For this exercise, return all the data word for word, with images left out.
[Data section Boundary: Start]
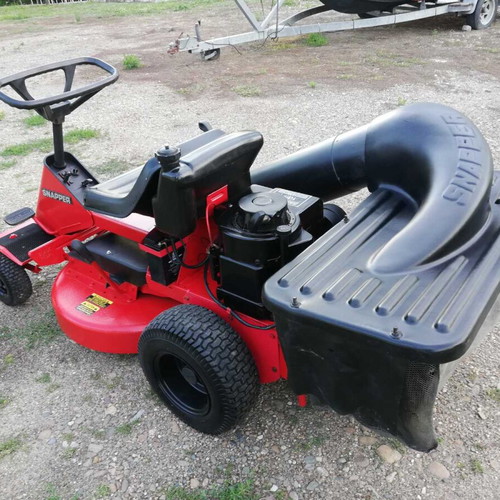 Snapper lawn tractor like new, 14 Hp, 150-liter grass catcher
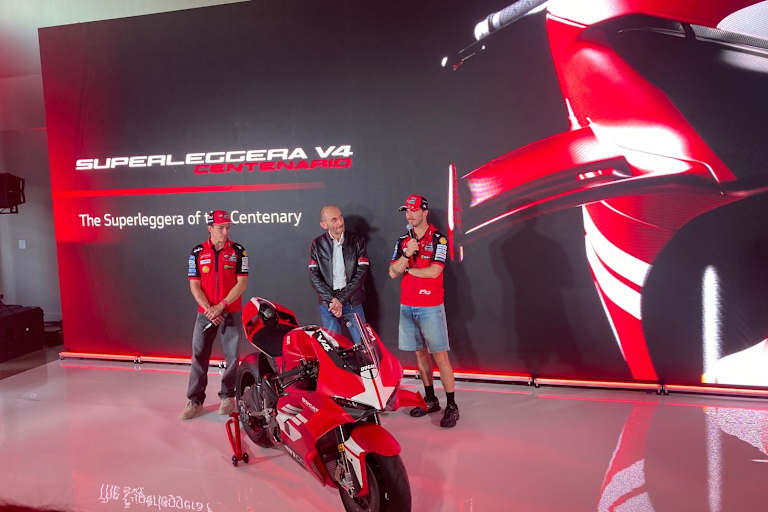 Ducati Superleggera: Staunen auch bei Pecco Bagnaia und Marc Marquez
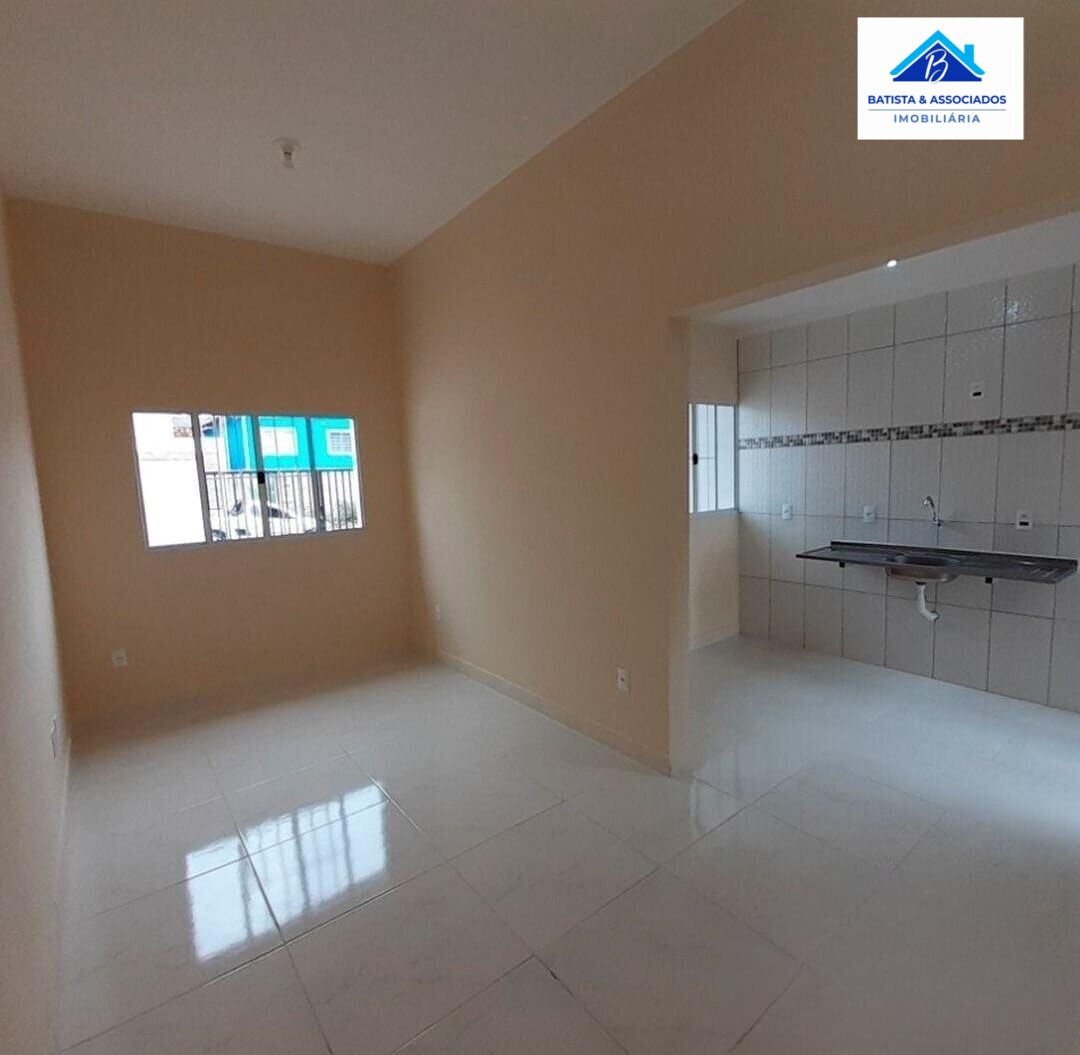 Casa à venda com 2 quartos, 54m² - Foto 3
[Data section Boundary: End]
● **Solution**:
 Snapper lawn tractor like new, 14 Hp, 150-liter grass catcher
 Ducati Superleggera: Staunen auch bei Pecco Bagnaia und Marc Marquez
 Casa à venda com 2 quartos, 54m² - Foto 3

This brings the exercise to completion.